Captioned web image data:
▬▬▬▬▬▬▬▬▬▬
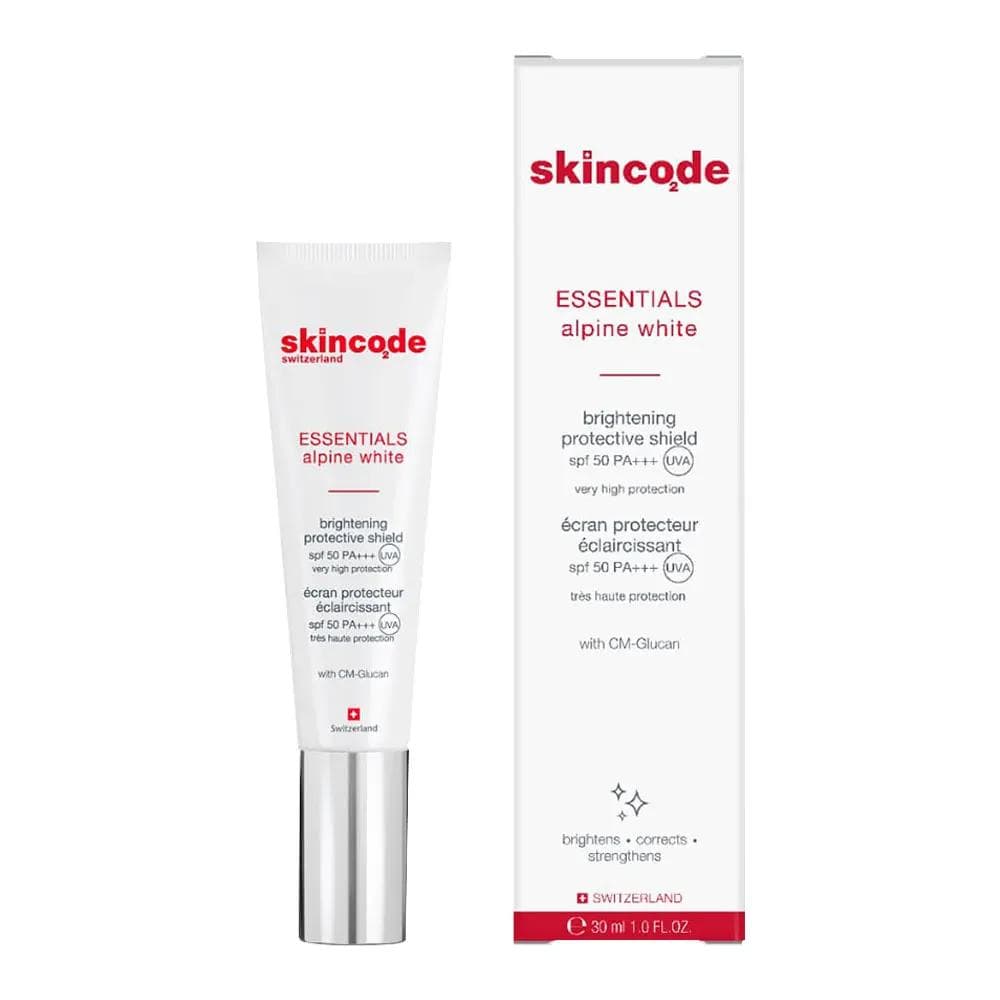 لوسیون ضدآفتاب روشن کننده SPF50 اسکین کد — تصویر ۴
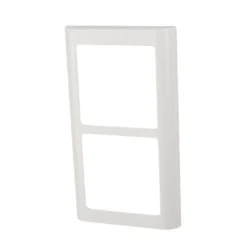 LK FUGA® designramme Soft 63 2×1 modul lodret hvid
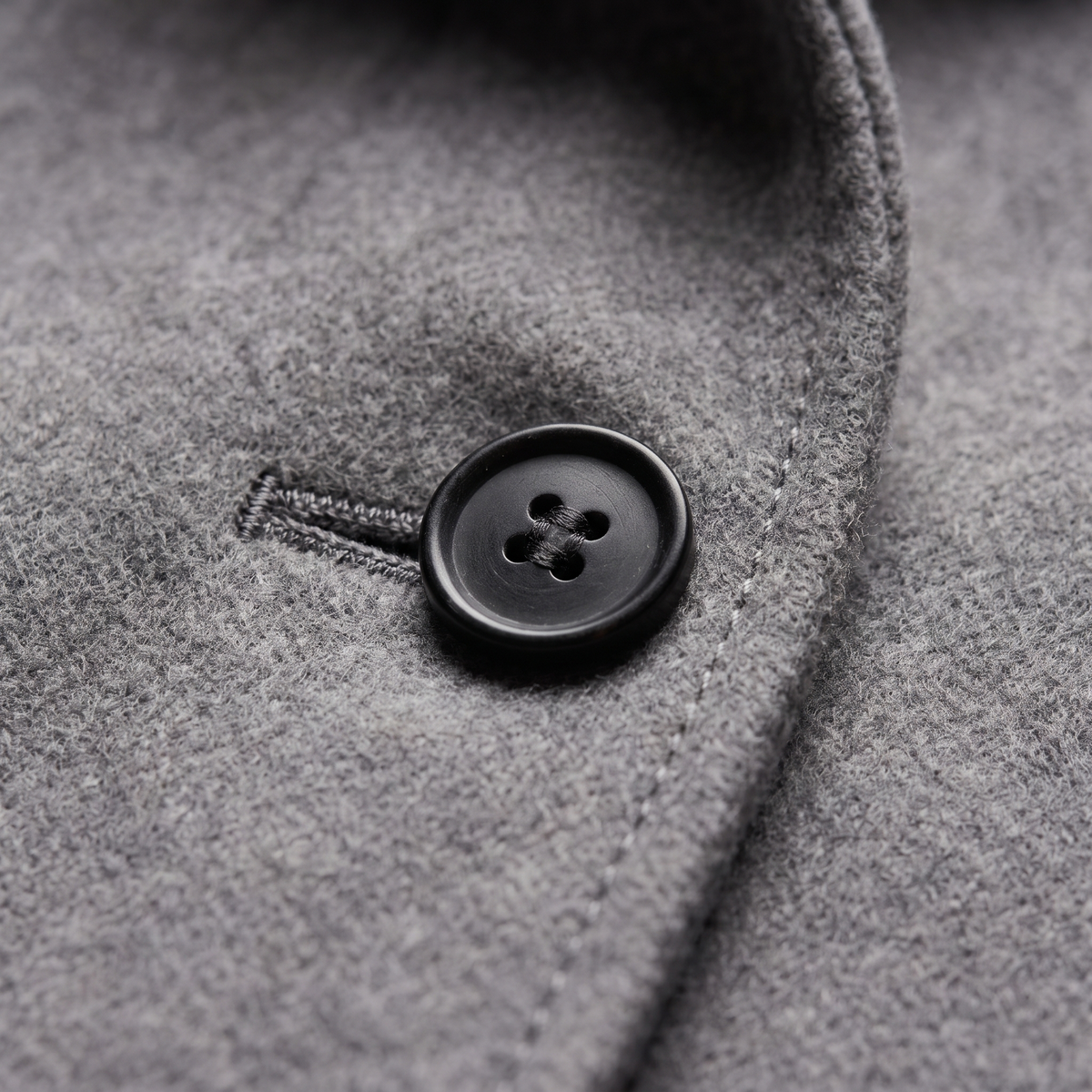 Serena Heritage Coat grey detail view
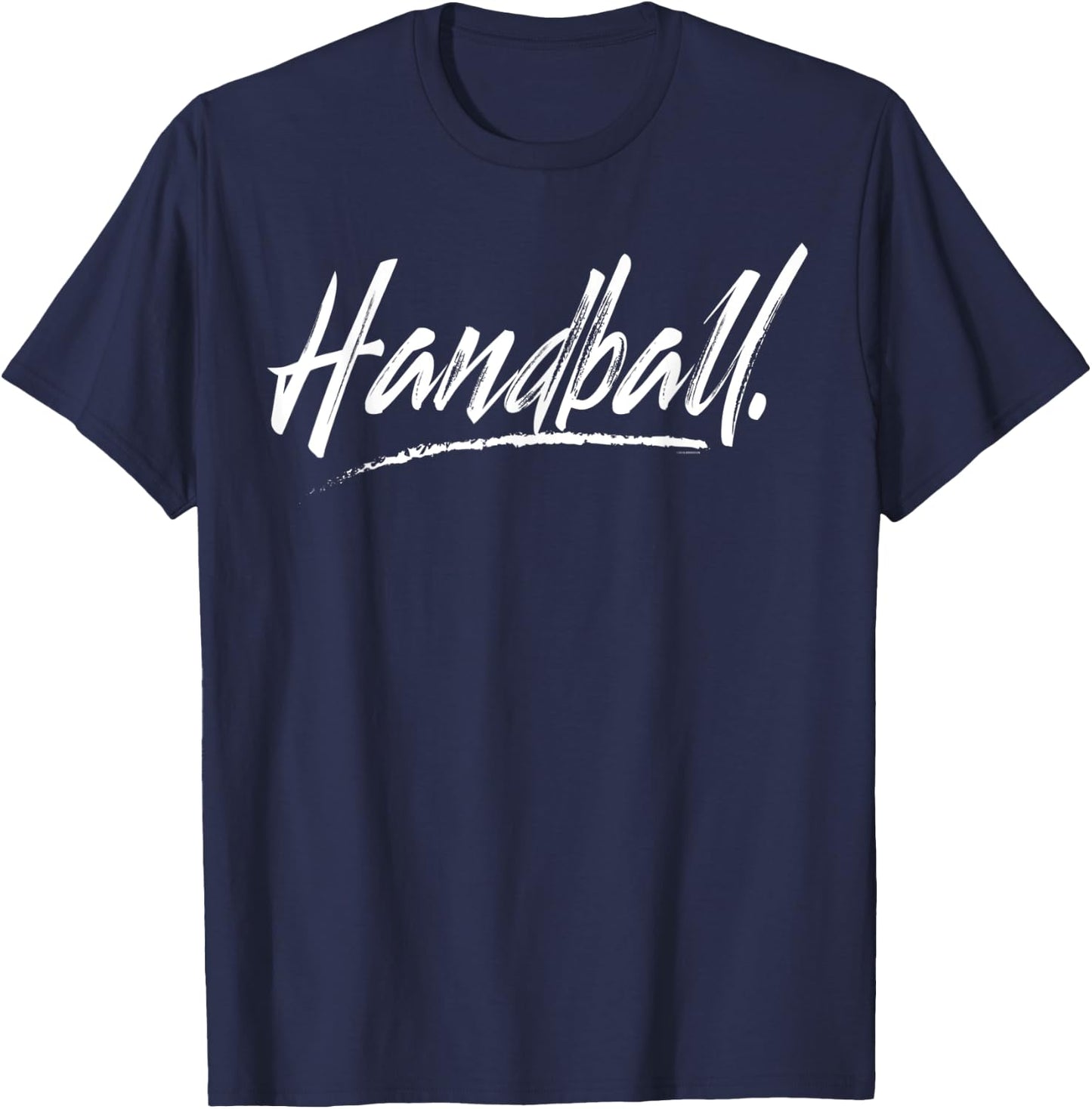 Cool Handball in an Aggressive Font T-Shirt - T-Shirt | Navy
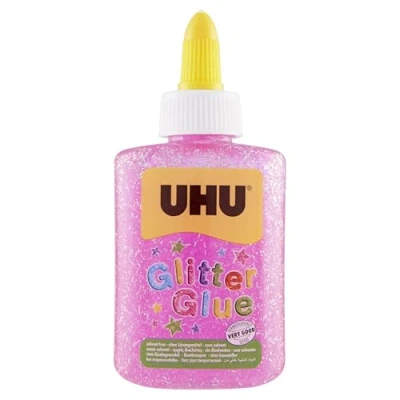 Imagen de UHU Glitter Glue Bottle, color Rosa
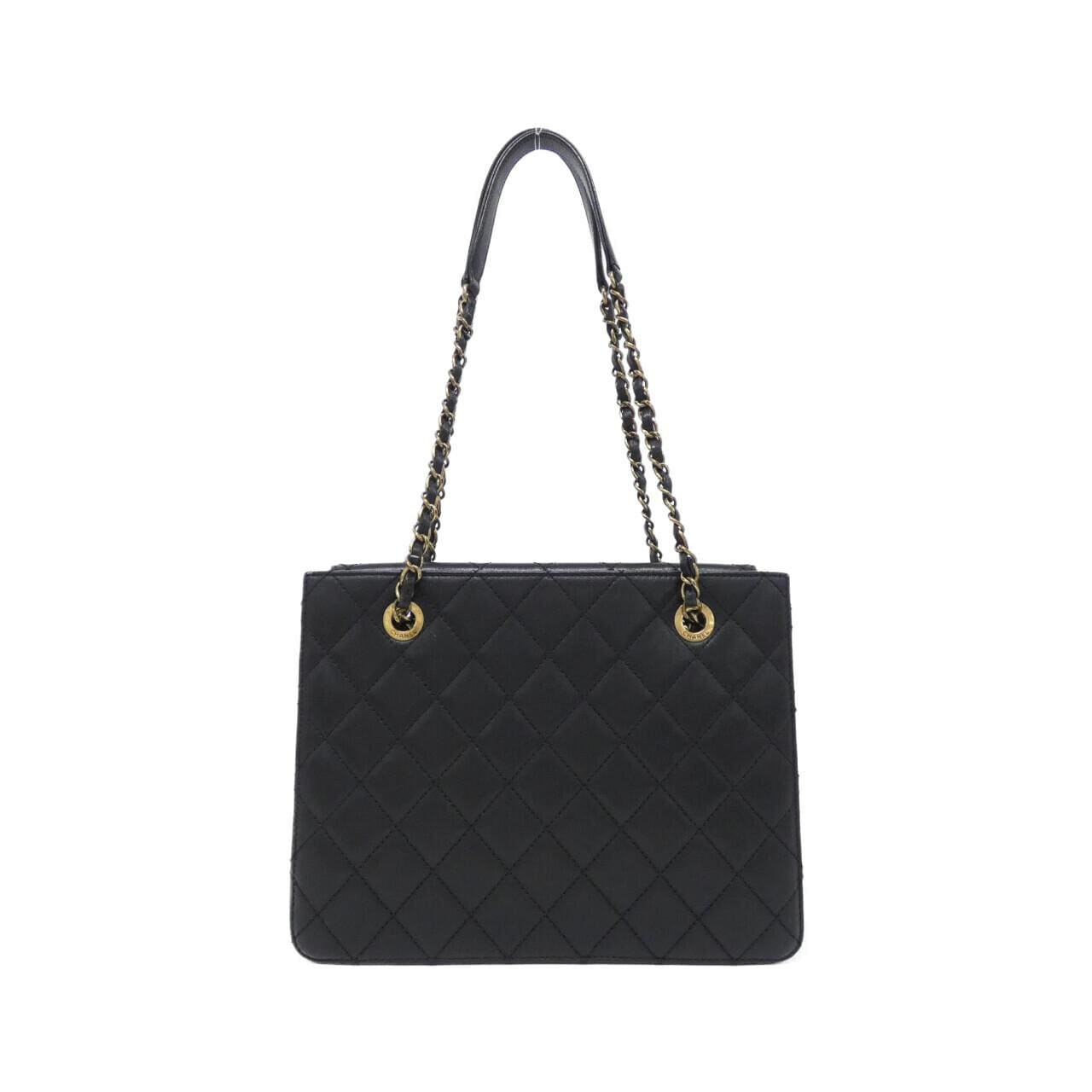 CHANEL Shoulder Bag Lambskin Black Lambskin - Thumbnail 2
▬▬▬▬▬▬▬▬▬▬
## WORK REQUIRED
All entries need to be duplicated exactly, apart from the images.

## RESULT FOR THIS EXERCISE
 لوسیون ضدآفتاب روشن کننده SPF50 اسکین کد — تصویر ۴
 LK FUGA® designramme Soft 63 2×1 modul lodret hvid
 Serena Heritage Coat grey detail view
 Cool Handball in an Aggressive Font T-Shirt - T-Shirt | Navy
 Imagen de UHU Glitter Glue Bottle, color Rosa
 CHANEL Shoulder Bag Lambskin Black Lambskin - Thumbnail 2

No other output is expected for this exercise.